[RAW DATA]:
============================================================
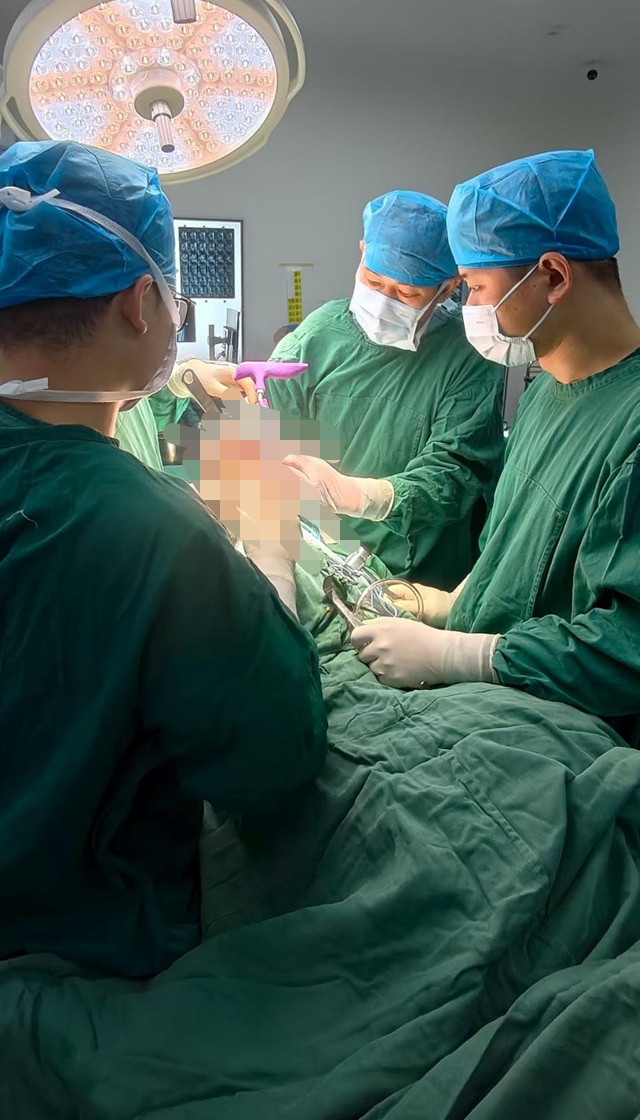 六旬老人膝关节“修一半”，术后两天重新行走——驻马店市第一人民医院单髁置换术解决老人多年顽疾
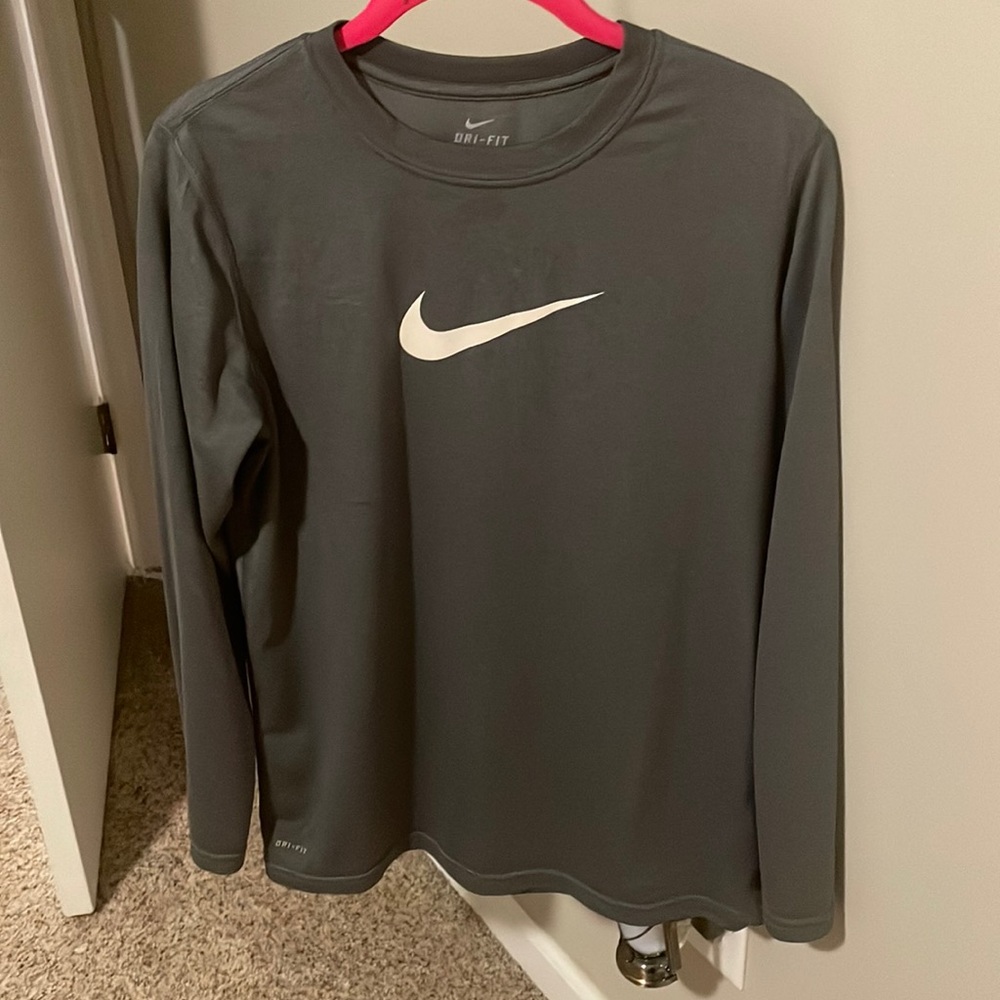 Dri fit nike tee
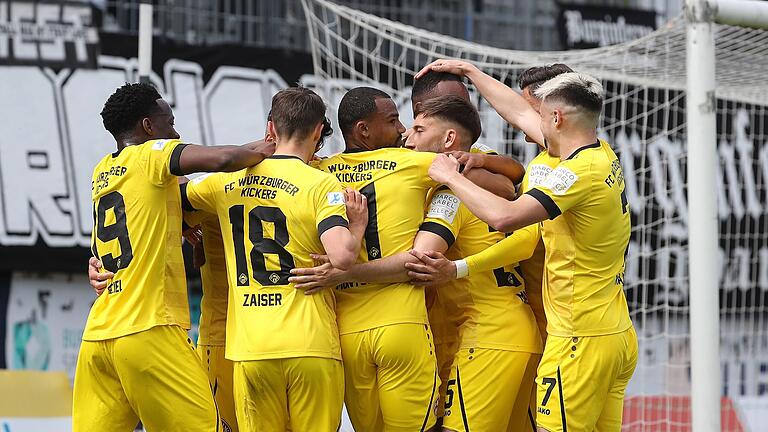 Jubeltraube: die Würzburger Kickers freuen sich über das 2:0 in Burghausen.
============================================================
[TASK ITEM]:
The task calls for repeating each line above exactly while excluding the pictures.

[THE COMPLETED TASK]:
 六旬老人膝关节“修一半”，术后两天重新行走——驻马店市第一人民医院单髁置换术解决老人多年顽疾
 Dri fit nike tee
 Jubeltraube: die Würzburger Kickers freuen sich über das 2:0 in Burghausen.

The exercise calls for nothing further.